If you have a medium or small framed bike and its in good condition once you are done your cycling you easily can get half of what you paid for it if not more. It really depends on the time you have to sell it.
We used Facebook to sell both the bikes. Mine sold quickly on Facebook Marketplace to a local dad for his son as it fit the Vietnamese frame better. However, there wasn’t much interest in the large frame bike on there.
We did manage to sell the large bike a few days later via a group called Hanoi Massive which was a very responsive large group on Facebook. It sold to an expat living in Hanoi who had struggled to find a larger bike frame to fit him. We got our asking prices for both bikes which was a little less than half price of what we paid for the bikes (and the accessories).

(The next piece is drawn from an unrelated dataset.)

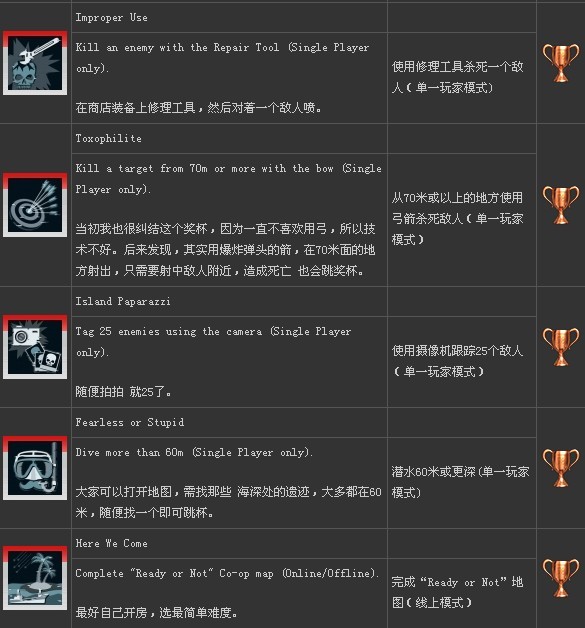 ���µ�����3���׽𽱱�ȫ����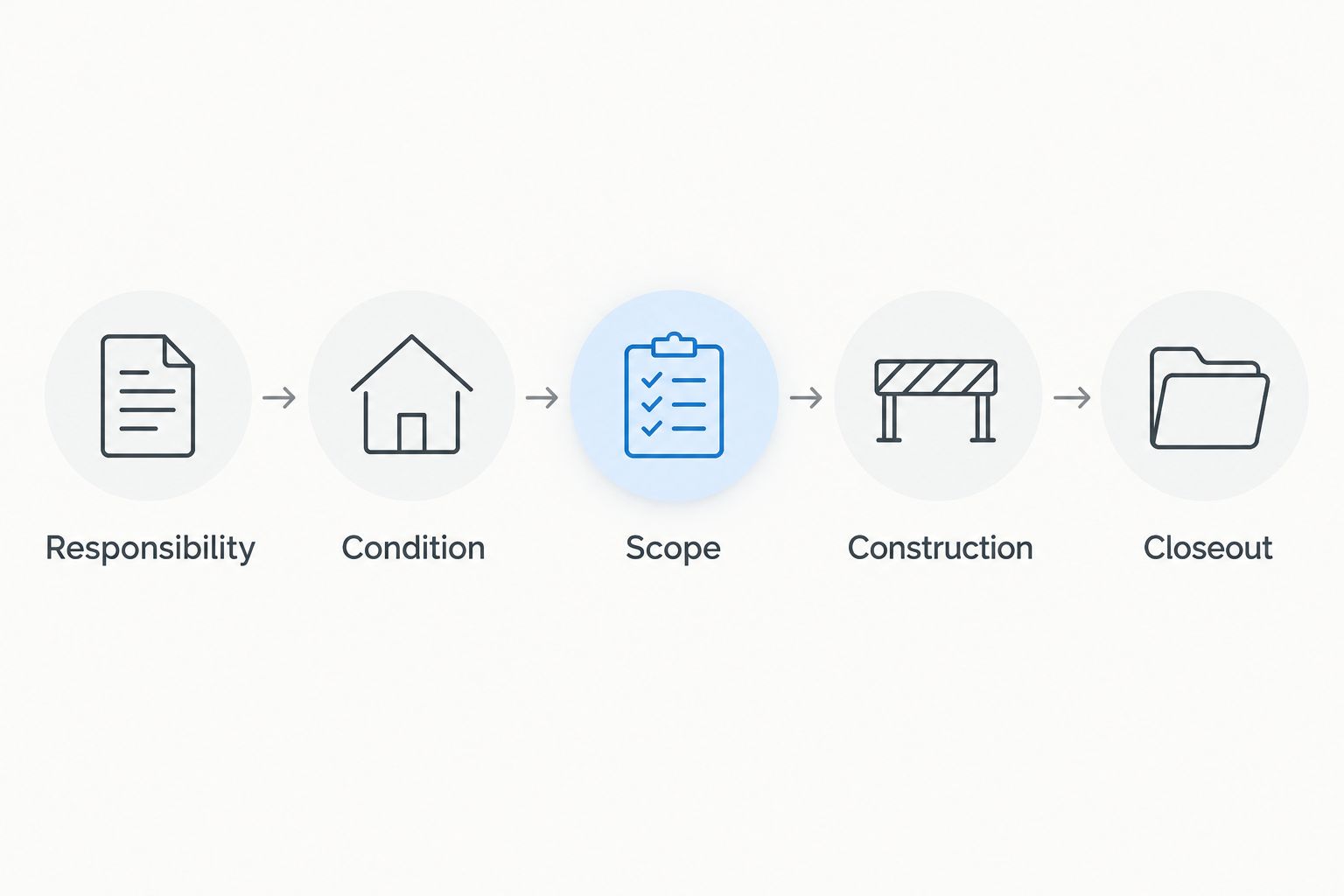 HOA roof project sequence from responsibility and condition review through construction and closeout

Would we do it again? Lessons learned?
100% would do it again.
We joked at the end that we had enough time to cycle back to Saigon before our visa was up now that we were all ‘conditioned’. There is something so magical about experiencing a country slowly and intimately like we did. We went weeks without speaking to another western-english speaking person. We experienced the lifestyle, the country side, the food and the people in a very unique way that would be missed out on if you weren’t able to stop in the small non-tourist towns. We didn’t feel the need to do all the ‘tourist’ must see spots because we feel like being in a tour or with a group of foreigners like ourselves would cheapen our experience of Vietnam.

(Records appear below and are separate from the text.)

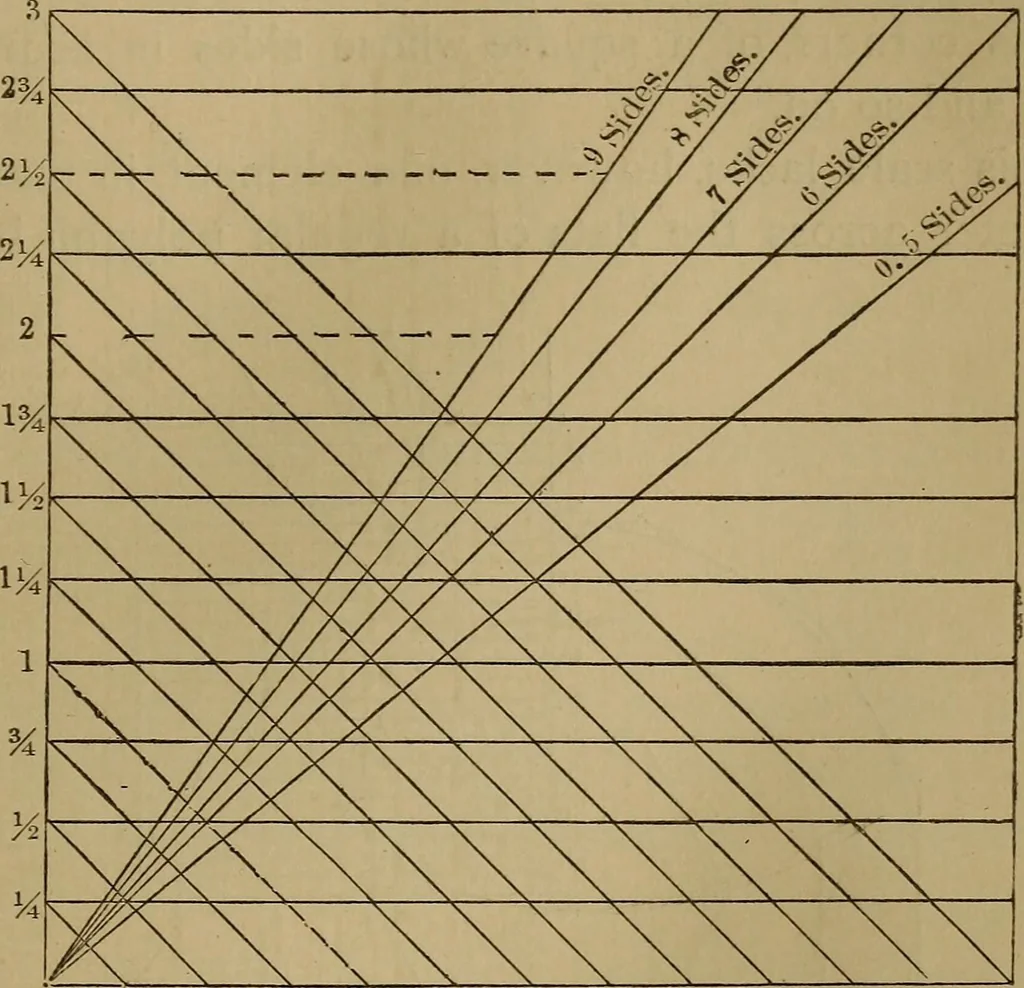 An illustration from Mechanical drawing self-taught: comprising instructions in the selection and preparation of drawing instruments. Elementary instruction in practical mechanical drawing. Together with examples in simple geometry and elementary mechanism, including screw threads, gear wheels, mechanical motions, engines and boilers, 1889, leaf 140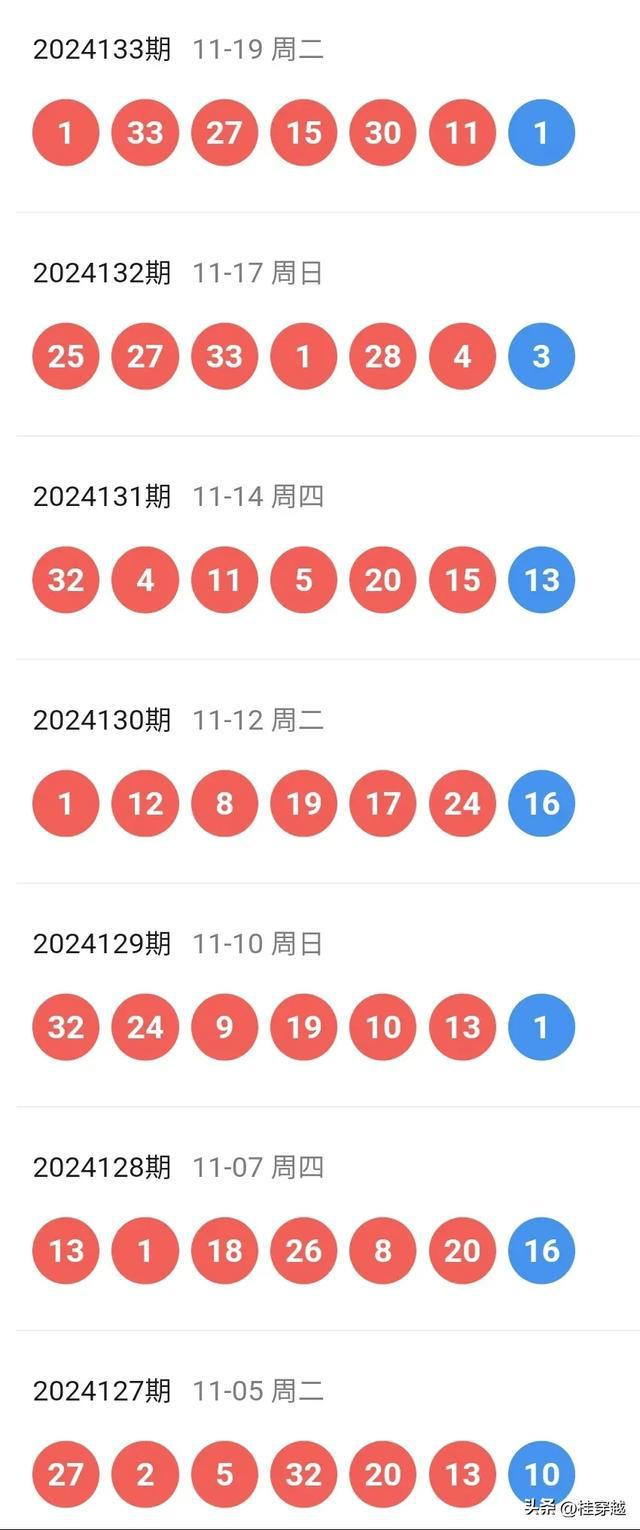新澳今晚彩票開獎(jiǎng)結(jié)果預(yù)測(cè)及解析——探索今晚彩票的神秘面紗，新澳今晚彩票開獎(jiǎng)結(jié)果預(yù)測(cè)解析，揭開神秘面紗的獨(dú)家解讀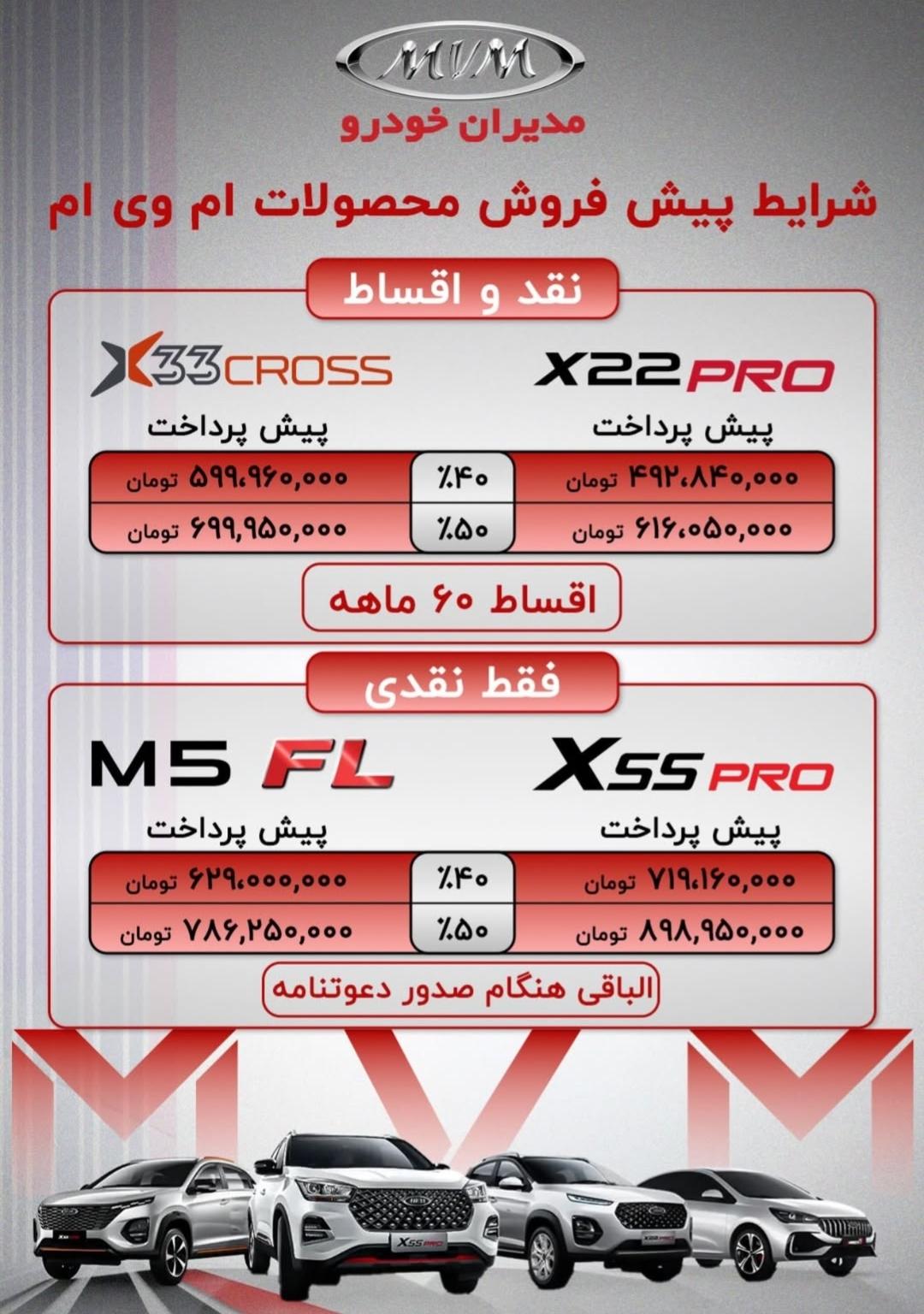 شرایط پیش فروش غیرقطعی محصولات ام وی ام مهر 1404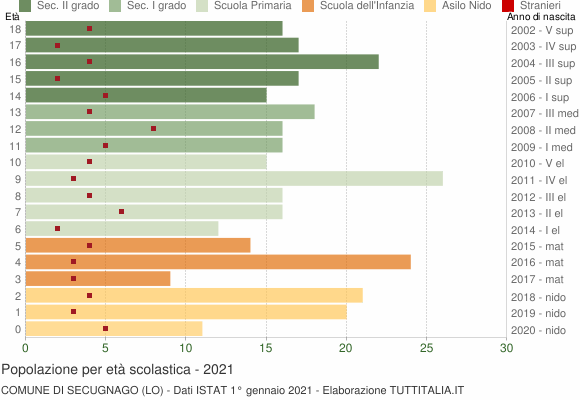 Grafico Popolazione in età scolastica - Secugnago 2021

The only real lessons we learned was if we were going to do this again in the future we would plan from the start to cycle. As we just randomly decided to do this we had WAY TOO MUCH stuff with us and we paid for gear we already had back home.
Route wise. We may have done more of HCMH to see the scenery, but we also wouldn’t have missed out on the Mekong Delta (Read our experience here about the southern most area of Vietnam). Even though most people would recommend doing the route north to south (for ease of going up mountain sides and head wind up north) I enjoyed the fact that it was a bit cooler as we went along rather than warmer.
Who knows maybe in a few years time we will attempt the whole silly thing again!